This article addresses what I consider the most important safety disclosure in the pentosan polysulfate space. If you use PPS for any indication — interstitial cystitis, osteoarthritis, or anything else — you need to understand this risk.
Pentosan polysulfate maculopathy is a recently identified, dose-dependent, progressive, and currently irreversible retinal toxicity associated with long-term PPS use. It was first described in 2018, decades after PPS was approved by the FDA for interstitial cystitis in 1996. This means that thousands of patients used PPS for years without anyone knowing this risk existed.
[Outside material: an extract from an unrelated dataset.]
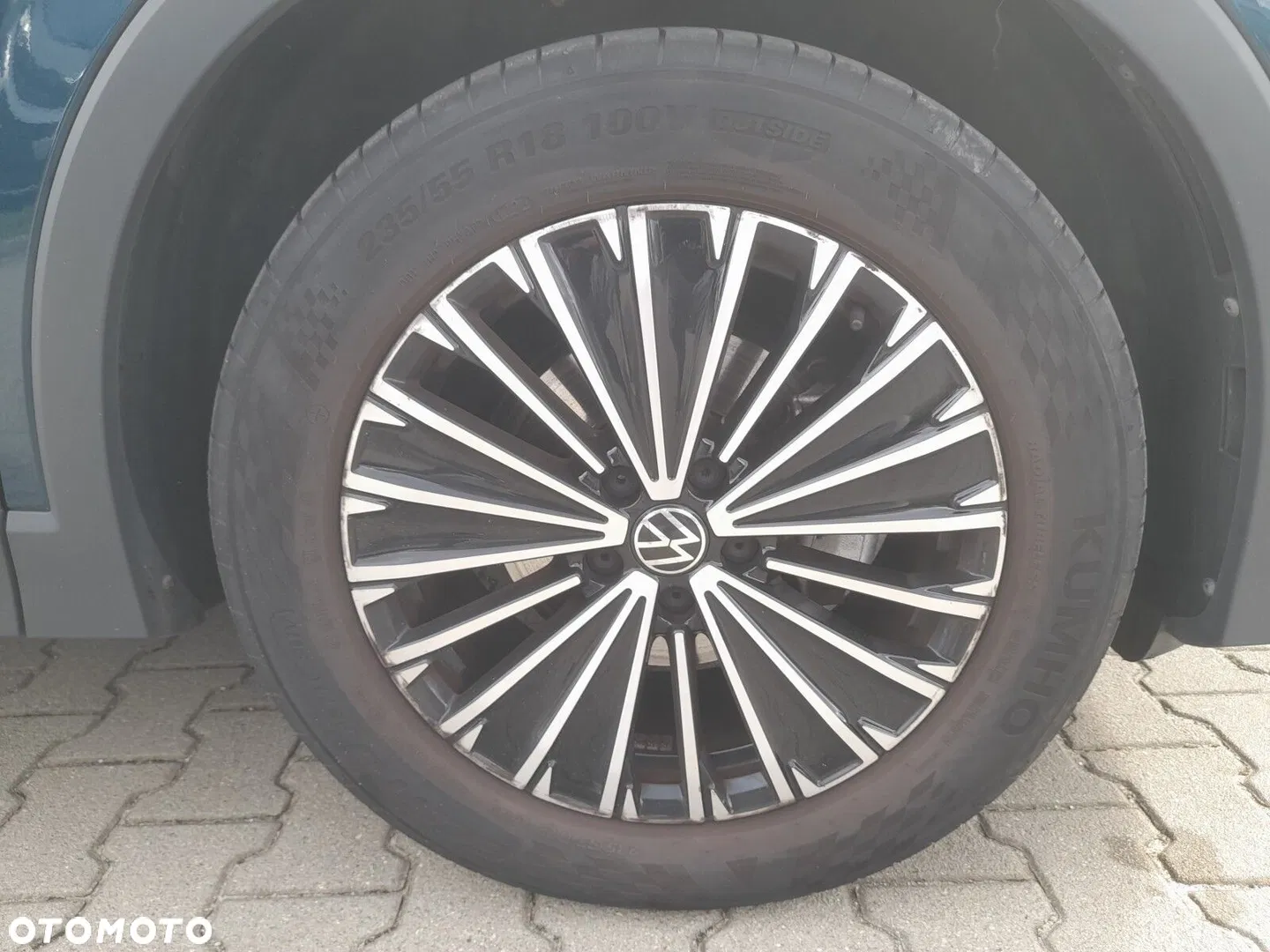 2024 Volkswagen Tiguan, photograph 11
Here is what the evidence shows.
At a Glance
| Property | Value |
|---|---|
| First Described | 2018 (Pearce et al., Ophthalmology) |
| FDA Labeling Update | 2020 |
| Risk Factor | Cumulative exposure (total grams of PPS ingested) |
| Typical Exposure for Risk | 3+ years of oral PPS at 300 mg/day |
| Prevalence Estimate | 16-24% of long-term oral PPS users show subclinical findings |
| Symptoms | Difficulty reading, paracentral scotomas, prolonged dark adaptation |
| Pathology | Retinal pigment epithelium (RPE) damage, pigment migration in macula |
| Reversibility | Not reversible; may progress after discontinuation |
| Screening Method | OCT, fundus autofluorescence, near-infrared reflectance |
The Discovery: A Toxicity Hidden for 22 Years
PPS (Elmiron) was approved by the FDA in 1996 for interstitial cystitis (IC), a chronic bladder condition. For over two decades, it was considered to have a benign side effect profile. Then in 2018, Nieraj Jain and William Pearce at Emory University published a landmark paper describing a novel macular disease in patients with long-term PPS exposure.
Their observation was striking: a pattern of retinal pigmentary changes in the macula that did not match any known macular dystrophy. The pattern was unique — dense, pigmented deposits in the parafoveal region with RPE atrophy — and it was found exclusively in patients taking PPS.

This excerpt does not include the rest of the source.